I have not been to a ballet since I took my daughter to a performance of The Nutcracker some thirty years ago, so it was with some trepidation that I accepted the assignment to review the Festival Ballet's performance of THE WIDOW'S BROOM, based on the story by Chris van Allsburg. I was afraid I would be first bored to death and then unable to write a coherent review. I could not have been more wrong about my first fear-let's see how I do with the second.

This production was staged at Veterans Auditorim. The Saturday evening performance drew an intimate crowd with a substantial children's contingent; I was surprised but should probably not have been since THE WIDOW'S BROOM is a children's book. I looked at my program and was pleased to see that Eugene Lee, he of Trinity Rep and Saturday Night Live fame, was the set designer. I also found the brief synopsis of the story, without which I would scarcely have been able to follow the plot. Ballet, it turns out, is a completely non-verbal form of entertainment and communication. What is the poor word guy to do?

It turns out, there was no need for alarm: in ninety minutes The Festival Ballet cast a spell that still lingers two weeks later (sorry for the delay-unavoidable). Let's start with the set by Lee and lighting by Alicia Colantonio. The show opens with the widow (danced by Kirsten Evans that night-different casts for the two performances) and her son (Kailee Felix) in a tableau in their home of an evening, but obscured by a gauze screen framed by solid edge. The effect was to create a life -sized book cover, which then opened and invited us in. It was a lovely effect and the first of many. When dancers needed to move unseen across the floor, they hid behind rolling cabin walls. And when the action called for a night sky, Lee and Colantonio collaborated on a bright orange moon and what seemed like as many stars as there are in the sky-memorable and beautiful.

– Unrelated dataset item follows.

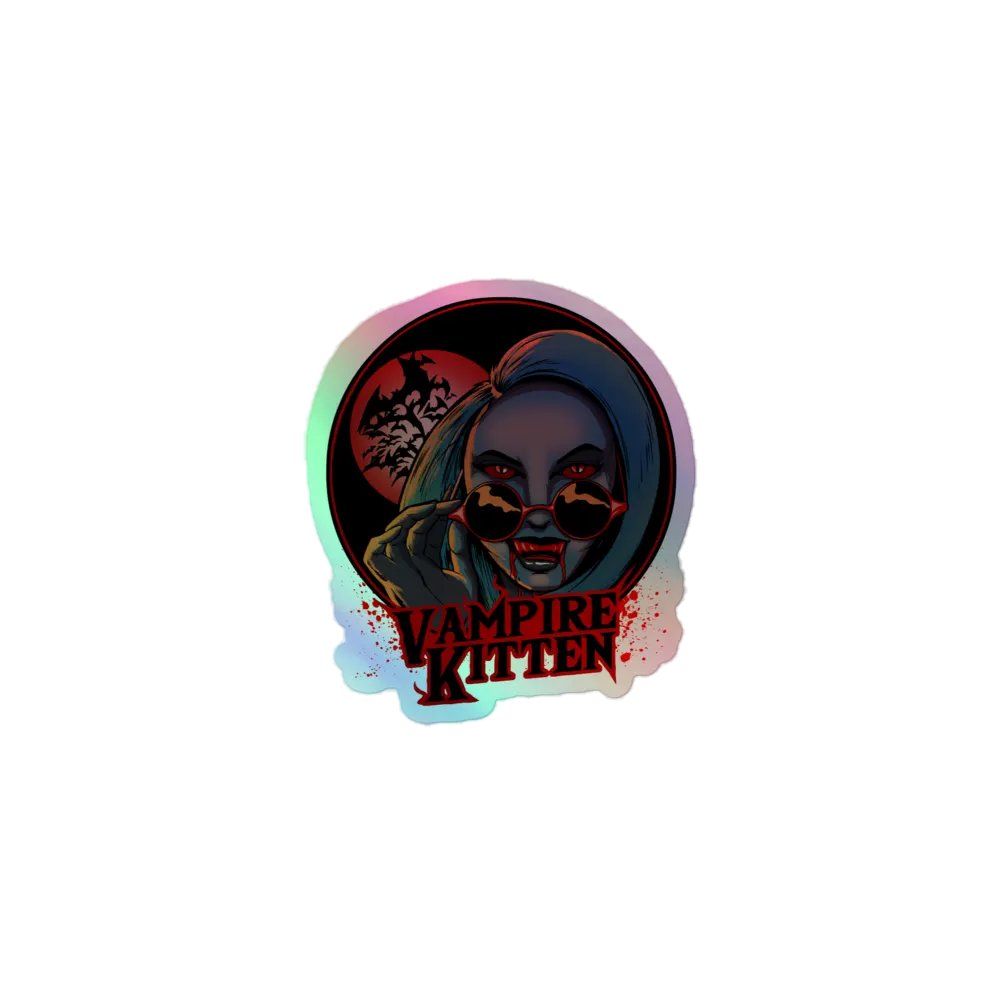 The Lost Girls Holo Sticker product image (1)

But how about the dancing? This show had me from the get-go. Choreographer Victor Plotnikov's opening sequence is very tight dancing coven-a dozen or so witches who seem to come almost out of the ground before thy take flight in support of the head witch, Pingrel (Eugenia Zinovieva). To my inexpert eye, the next most engaging dances were the fire-dancing flames created by Brenna DiFranceso and David DuBois. As good as that was, it could only hold a candle to the longer, hotter pas de deux performed by the Widow and the Broom (Alex Lantz). Theirs was the type of grace and strength, which gives ballet its rep. These two danced beautifully, but I have really no basis for comparison. All I can tell you is these people can dance, it would be hard to imagine people more graceful, and that the whole evening flew by.

The Festival Ballet alternates among three venues-The Vets, PPAC for The Nutcracker, and its own Black Box theatre on Hope St. in Providence. Tickets can be obtained by calling the different venues or at festivalballetprovidenceprovidence.org. Festival Ballet is celebrating its fortieth year; isn't it time you gave them a shot?